American computer scientist

David Luckham is an emeritus professor of electrical engineering at Stanford University. As a graduate student at the Massachusetts Institute of Technology (MIT), he was one of the implementers of the first systems for the programming language Lisp.

He is best known as the originator of complex event processing (CEP) as proposed in his 2002 book The Power of Events. CEP consists of a set of concepts and techniques for processing real-time events and extracting information from event streams as they arrive. CEP has since become an enabling technology in many systems that are used to take immediate action in response to incoming streams of events. Applications are described in this book that may now be found in many sectors of business including stock market trading systems, mobile devices, internet operations, fraud detection, the transport industry, and government intelligence gathering. The book also describes advanced event processing techniques such as event abstraction and event hierarchies that are not yet in general practice. Luckham's latest book is Event Processing for Business: Organizing the Real-Time Enterprise.

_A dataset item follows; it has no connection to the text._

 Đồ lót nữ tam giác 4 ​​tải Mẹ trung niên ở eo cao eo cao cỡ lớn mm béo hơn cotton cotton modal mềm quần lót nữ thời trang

Luckham has held faculty and invited faculty positions in both mathematics and computer science at eight major universities in Europe and the United States. He was a cofounder of Rational Software, Inc., in 1981. He supplied the compiler for the language Ada, from which the company's first products were developed, and served as a member of the initial software development team. An acknowledged leader in high-level programming languages for multiprocessing, annotation languages, and event-based simulation systems for both hardware and software architectures, Luckham has published more than 100 technical articles, two of them winning Best Paper Awards from the Association for Computing Machinery (ACM) and the Institute of Electrical and Electronics Engineers (IEEE).

He was born in Kingston in the British Colony of Jamaica, and raised in London during The Blitz of World War II. He holds the degrees Master of Science (M.Sc.) from London, and Doctor of Philosophy (Ph.D.) from the Massachusetts Institute of Technology (MIT) in mathematics and computer science.